Entering the men’s light-middleweight final against an American teenager named Roy Jones Jr. on the last day of the 1988 Games in Seoul, Park Si-Hun fantasized about etching his name in the pantheon of South Korean sports legends in front of a delirious home crowd.

He did get his gold three rounds later, but not the way he envisioned.

Park’s win by a 3-2 decision remains as one of the most controversial moments in boxing history, as Jones had seemed to dominate the fight from start to finish.

The outcome drew instant criticism and disdain, even from South Koreans, who heckled Park at the podium and bombarded local TV stations with phone calls protesting that the country’s home advantage had gone too far.

Jones went on to have a phenomenal professional career, retiring in 2018 with a 66-9 record that cemented him as one of the sport’s all-time greats.

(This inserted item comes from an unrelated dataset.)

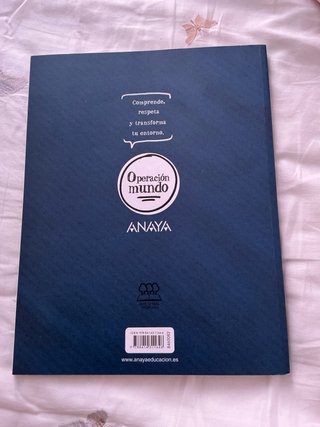 Economía 1 Bachillerato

He is now a boxing commentator and is planning to fight Mike Tyson in an exhibition of retired greats later this year.

Deeply shaken and scarred, Park quietly retired at the end of the Seoul Games and spent the next 13 years as a middle- and high-school teacher in a rural seaside town before making a return to competitive boxing as a coach.

In a recent interview with The Associated Press, Park said his dream was to see one of his boxers pull off a convincing gold-winning performance in a future Olympics, which he said would possibly give him some sense of redemption and closure.

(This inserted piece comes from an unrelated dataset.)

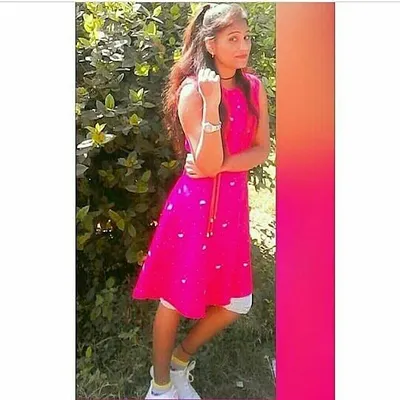 siyu thakur profile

After three decades, it still stings that his gold is seen as a smudge on the image of the Games his country still glorifies as its coming-out party to the world.

“There’s hardened resentment built up in me that I will probably carry for the rest of my life,” said Park, 54, who now coaches the small municipal boxing team of Seogwipo City in the island province of Jeju.

“I didn’t want my hand to be raised (after the fight with Jones), but it did go up, and my life became gloomy because of that.”

Park still grimaces when talking about his match with Jones.

Desperate for Olympic glory, Park had gutted out the tournament with a broken right hand he suffered during training. He said it didn’t really matter until he met Jones, the one opponent in Seoul who was quicker than him.

With the injury taking away his right-hand, Park simply had no chance at slowing Jones, who was coming at him with “excellent speed, power and technique.”

“I was pretty quick for a middleweight, but Jones was at a different level,” Park recalled. “A boxer just knows whether he had won or lost a match. I thought I lost because I didn’t put up a fight deserving of a win.”

Park said he felt “confused” when the referee raised his hand. Wearing a stunned look on his face, Park awkwardly embraced and held up an expressionless Jones into the air.

He said he couldn’t wait to get off the podium, where he smiled weakly and slowly waved a bouquet of flowers toward the stands as fans let out hesitant cheers and scattered boos.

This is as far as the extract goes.